Each time a line of the listing holds "going", copy that line.

• • • •

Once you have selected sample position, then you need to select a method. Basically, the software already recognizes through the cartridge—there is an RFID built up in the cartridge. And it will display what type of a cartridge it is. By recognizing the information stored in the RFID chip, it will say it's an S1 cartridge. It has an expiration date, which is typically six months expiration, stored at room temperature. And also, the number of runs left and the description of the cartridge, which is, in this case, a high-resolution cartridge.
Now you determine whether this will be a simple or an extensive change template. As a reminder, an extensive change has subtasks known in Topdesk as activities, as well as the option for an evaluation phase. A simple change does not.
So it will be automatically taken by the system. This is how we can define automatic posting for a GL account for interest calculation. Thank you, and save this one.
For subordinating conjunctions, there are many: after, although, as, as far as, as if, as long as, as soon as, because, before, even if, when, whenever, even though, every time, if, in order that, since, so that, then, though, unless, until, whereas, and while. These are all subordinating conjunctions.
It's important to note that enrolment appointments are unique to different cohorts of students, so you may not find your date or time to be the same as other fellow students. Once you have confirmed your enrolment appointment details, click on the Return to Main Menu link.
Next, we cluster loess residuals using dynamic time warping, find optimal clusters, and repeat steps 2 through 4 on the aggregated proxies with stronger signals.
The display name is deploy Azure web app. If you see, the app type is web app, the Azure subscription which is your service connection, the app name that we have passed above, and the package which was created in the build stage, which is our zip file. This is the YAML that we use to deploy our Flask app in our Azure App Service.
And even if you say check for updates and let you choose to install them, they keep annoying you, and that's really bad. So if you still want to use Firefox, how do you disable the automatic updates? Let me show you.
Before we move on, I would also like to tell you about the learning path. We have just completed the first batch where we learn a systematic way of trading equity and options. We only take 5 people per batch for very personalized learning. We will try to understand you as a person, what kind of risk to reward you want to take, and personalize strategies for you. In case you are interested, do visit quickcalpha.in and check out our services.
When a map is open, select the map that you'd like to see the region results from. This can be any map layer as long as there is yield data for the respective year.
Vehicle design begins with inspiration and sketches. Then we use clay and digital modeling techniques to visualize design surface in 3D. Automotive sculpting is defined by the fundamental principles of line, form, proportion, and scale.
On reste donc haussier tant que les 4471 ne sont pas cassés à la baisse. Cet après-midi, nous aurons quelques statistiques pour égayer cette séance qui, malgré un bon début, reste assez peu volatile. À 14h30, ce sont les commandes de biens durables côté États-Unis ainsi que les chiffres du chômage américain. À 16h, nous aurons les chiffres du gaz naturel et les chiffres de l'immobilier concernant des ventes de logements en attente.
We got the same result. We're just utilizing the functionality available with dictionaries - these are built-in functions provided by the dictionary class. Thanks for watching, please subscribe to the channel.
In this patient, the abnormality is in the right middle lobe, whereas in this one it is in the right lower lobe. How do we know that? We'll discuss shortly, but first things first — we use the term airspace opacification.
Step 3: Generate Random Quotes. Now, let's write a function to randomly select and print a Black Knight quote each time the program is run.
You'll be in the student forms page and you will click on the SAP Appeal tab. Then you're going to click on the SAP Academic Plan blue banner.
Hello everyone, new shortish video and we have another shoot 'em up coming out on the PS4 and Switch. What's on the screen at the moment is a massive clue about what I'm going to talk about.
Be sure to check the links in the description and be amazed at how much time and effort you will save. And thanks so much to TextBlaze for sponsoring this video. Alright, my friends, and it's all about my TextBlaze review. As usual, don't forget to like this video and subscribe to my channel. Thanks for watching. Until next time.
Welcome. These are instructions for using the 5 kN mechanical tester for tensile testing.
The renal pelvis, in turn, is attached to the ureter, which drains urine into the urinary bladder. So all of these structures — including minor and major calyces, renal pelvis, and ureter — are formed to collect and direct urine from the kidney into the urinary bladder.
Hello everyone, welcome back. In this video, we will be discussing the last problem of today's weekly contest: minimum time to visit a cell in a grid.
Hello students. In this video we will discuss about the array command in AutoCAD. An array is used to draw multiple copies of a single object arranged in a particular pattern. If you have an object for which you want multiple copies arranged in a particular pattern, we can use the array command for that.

• • • •

→ **Exercise solution**
You'll be in the student forms page and you will click on the SAP Appeal tab. Then you're going to click on the SAP Academic Plan blue banner.
Hello everyone, new shortish video and we have another shoot 'em up coming out on the PS4 and Switch. What's on the screen at the moment is a massive clue about what I'm going to talk about.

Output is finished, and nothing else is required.